*PROVIDED DATA*:
....

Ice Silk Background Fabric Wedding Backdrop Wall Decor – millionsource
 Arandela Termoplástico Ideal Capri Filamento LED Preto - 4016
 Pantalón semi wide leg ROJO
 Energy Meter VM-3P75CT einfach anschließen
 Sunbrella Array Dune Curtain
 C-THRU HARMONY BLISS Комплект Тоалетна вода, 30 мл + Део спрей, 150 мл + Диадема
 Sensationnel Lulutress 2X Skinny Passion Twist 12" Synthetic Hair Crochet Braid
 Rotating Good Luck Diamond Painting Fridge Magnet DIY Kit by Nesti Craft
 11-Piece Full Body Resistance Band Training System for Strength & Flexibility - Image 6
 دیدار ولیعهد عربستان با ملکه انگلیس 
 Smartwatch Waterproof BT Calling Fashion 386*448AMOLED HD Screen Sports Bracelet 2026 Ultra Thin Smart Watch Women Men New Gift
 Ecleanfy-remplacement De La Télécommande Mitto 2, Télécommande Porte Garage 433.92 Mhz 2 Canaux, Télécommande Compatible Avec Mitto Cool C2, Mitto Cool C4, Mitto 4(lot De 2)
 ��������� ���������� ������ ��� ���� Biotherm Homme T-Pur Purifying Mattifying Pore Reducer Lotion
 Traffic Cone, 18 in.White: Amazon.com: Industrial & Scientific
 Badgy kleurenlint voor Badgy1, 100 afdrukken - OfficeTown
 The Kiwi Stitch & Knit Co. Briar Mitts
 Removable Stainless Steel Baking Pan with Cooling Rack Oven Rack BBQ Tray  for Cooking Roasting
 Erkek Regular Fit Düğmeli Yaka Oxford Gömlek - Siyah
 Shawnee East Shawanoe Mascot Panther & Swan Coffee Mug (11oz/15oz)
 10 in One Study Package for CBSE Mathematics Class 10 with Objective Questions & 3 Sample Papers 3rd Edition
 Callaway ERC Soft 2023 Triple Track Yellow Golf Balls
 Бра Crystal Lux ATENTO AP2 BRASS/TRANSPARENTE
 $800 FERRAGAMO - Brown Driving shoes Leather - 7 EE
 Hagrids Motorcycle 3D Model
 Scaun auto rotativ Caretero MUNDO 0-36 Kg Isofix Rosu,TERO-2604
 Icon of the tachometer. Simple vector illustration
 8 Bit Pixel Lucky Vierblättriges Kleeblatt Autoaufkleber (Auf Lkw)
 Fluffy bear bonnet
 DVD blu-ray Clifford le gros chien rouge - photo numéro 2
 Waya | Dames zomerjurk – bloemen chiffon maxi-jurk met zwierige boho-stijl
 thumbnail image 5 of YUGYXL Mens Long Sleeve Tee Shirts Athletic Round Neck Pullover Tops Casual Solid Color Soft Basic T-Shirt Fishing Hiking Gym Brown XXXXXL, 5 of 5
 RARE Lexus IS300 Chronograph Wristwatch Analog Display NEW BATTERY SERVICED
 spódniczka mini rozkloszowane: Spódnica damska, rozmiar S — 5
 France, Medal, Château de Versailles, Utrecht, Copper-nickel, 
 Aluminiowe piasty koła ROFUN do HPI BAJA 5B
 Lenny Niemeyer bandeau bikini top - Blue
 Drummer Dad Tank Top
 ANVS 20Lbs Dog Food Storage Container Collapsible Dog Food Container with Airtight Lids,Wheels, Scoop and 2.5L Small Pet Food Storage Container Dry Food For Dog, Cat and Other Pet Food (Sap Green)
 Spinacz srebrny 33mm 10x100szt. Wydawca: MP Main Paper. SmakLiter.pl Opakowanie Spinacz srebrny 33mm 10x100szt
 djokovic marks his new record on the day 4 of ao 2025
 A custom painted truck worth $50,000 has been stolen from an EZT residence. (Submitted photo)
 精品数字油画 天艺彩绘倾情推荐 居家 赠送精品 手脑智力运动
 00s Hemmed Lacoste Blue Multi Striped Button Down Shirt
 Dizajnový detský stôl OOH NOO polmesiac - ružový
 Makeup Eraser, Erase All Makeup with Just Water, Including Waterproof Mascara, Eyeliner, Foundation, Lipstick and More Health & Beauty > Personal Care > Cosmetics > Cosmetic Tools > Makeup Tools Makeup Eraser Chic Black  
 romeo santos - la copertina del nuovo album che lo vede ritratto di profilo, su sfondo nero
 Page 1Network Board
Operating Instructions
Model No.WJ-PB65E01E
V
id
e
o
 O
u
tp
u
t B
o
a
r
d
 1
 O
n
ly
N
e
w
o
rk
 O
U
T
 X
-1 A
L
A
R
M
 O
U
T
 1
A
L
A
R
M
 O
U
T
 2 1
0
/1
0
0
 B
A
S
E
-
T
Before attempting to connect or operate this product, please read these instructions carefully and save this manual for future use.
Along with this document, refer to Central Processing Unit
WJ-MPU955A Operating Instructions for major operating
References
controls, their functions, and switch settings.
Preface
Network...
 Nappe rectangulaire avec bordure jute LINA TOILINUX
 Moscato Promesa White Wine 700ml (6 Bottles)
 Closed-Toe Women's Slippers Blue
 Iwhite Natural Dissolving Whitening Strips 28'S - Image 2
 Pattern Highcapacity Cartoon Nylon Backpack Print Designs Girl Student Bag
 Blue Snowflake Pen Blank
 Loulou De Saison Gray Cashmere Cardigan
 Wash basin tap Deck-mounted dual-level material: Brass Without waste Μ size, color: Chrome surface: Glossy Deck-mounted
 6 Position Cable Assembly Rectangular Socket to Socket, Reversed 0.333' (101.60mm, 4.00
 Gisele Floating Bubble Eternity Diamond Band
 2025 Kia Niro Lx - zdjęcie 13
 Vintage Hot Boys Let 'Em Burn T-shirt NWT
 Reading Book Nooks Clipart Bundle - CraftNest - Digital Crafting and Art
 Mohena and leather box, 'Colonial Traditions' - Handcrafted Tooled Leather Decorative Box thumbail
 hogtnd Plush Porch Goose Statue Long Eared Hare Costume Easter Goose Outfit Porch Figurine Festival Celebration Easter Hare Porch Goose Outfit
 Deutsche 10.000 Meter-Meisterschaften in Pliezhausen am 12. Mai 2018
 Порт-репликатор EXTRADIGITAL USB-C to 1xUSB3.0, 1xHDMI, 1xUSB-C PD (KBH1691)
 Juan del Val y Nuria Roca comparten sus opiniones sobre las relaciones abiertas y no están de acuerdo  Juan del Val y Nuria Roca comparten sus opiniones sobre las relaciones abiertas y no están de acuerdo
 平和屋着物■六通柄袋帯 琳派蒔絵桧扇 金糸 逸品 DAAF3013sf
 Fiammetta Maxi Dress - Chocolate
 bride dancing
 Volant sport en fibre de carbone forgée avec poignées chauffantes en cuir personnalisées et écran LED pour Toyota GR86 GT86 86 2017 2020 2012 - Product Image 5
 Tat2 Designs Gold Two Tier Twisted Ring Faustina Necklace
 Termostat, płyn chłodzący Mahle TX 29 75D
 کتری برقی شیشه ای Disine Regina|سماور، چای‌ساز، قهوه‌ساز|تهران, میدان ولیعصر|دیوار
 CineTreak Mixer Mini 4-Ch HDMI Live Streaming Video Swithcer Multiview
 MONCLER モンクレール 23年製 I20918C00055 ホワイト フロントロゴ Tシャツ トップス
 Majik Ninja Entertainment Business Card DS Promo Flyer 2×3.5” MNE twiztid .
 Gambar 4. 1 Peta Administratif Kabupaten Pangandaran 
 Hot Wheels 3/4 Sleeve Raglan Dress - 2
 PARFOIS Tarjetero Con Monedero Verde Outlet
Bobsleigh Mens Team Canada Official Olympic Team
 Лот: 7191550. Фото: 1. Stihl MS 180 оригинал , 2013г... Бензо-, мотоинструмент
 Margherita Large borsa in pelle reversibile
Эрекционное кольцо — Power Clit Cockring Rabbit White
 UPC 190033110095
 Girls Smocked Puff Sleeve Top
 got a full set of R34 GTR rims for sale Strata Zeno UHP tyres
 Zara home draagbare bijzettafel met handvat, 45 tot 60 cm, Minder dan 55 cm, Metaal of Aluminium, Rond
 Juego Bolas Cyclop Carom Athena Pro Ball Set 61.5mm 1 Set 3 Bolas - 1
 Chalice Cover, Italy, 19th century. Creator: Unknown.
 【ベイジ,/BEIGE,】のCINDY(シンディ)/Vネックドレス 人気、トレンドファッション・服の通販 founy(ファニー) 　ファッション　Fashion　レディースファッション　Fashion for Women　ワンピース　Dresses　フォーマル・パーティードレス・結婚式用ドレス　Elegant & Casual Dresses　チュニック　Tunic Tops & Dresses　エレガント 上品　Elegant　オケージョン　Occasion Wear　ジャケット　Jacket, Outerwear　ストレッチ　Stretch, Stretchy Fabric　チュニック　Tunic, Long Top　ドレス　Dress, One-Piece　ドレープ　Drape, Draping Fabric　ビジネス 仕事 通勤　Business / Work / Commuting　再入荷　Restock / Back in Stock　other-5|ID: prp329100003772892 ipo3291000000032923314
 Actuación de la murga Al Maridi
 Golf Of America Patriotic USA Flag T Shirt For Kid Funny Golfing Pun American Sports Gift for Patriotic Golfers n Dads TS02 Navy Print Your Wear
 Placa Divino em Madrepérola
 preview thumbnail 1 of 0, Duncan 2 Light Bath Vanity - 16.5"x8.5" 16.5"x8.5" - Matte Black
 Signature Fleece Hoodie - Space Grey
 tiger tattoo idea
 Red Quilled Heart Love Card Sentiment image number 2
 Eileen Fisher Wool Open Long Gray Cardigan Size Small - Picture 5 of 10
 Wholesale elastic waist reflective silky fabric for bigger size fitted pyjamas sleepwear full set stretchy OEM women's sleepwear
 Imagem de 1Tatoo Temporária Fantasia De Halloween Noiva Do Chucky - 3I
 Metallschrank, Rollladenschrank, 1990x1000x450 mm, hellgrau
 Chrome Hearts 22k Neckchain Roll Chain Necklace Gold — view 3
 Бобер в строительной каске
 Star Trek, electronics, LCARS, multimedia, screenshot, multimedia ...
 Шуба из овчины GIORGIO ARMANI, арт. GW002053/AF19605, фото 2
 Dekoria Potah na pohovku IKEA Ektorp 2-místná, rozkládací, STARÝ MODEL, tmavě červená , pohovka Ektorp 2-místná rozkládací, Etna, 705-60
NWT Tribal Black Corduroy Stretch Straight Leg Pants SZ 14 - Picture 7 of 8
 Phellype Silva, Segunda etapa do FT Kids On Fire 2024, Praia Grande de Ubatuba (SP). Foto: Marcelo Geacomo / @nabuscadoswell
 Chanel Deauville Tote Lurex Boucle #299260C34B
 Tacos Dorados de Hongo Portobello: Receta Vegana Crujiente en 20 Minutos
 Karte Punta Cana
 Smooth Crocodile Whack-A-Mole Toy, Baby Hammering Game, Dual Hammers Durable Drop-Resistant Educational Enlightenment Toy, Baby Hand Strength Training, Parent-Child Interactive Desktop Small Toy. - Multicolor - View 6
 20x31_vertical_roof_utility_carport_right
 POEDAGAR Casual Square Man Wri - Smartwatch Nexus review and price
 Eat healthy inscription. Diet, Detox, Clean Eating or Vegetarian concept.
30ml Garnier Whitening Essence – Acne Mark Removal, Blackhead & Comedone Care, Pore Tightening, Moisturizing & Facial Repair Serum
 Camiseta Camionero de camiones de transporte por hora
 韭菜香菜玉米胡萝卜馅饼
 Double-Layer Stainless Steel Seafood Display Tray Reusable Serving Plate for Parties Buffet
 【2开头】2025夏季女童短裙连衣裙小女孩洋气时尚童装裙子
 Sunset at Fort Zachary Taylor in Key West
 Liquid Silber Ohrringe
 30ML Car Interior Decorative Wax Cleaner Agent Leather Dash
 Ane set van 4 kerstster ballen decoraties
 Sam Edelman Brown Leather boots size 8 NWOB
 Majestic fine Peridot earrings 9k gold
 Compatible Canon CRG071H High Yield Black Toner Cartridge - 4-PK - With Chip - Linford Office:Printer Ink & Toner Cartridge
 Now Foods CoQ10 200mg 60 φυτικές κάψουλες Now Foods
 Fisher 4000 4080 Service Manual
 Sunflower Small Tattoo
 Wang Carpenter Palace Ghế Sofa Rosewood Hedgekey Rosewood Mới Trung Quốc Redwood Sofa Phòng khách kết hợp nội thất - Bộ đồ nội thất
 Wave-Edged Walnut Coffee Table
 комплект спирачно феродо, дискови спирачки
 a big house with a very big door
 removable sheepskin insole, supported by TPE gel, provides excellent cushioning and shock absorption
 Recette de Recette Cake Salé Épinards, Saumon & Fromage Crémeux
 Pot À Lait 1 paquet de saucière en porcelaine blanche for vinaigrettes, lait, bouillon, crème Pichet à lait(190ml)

....

*REQUIRED WORK*: Output, exactly and in full, the lines from the start of the entries above through the line that contains "Rotating Good Luck".

*OUTPUT BELOW*:
Ice Silk Background Fabric Wedding Backdrop Wall Decor – millionsource
 Arandela Termoplástico Ideal Capri Filamento LED Preto - 4016
 Pantalón semi wide leg ROJO
 Energy Meter VM-3P75CT einfach anschließen
 Sunbrella Array Dune Curtain
 C-THRU HARMONY BLISS Комплект Тоалетна вода, 30 мл + Део спрей, 150 мл + Диадема
 Sensationnel Lulutress 2X Skinny Passion Twist 12" Synthetic Hair Crochet Braid
 Rotating Good Luck Diamond Painting Fridge Magnet DIY Kit by Nesti Craft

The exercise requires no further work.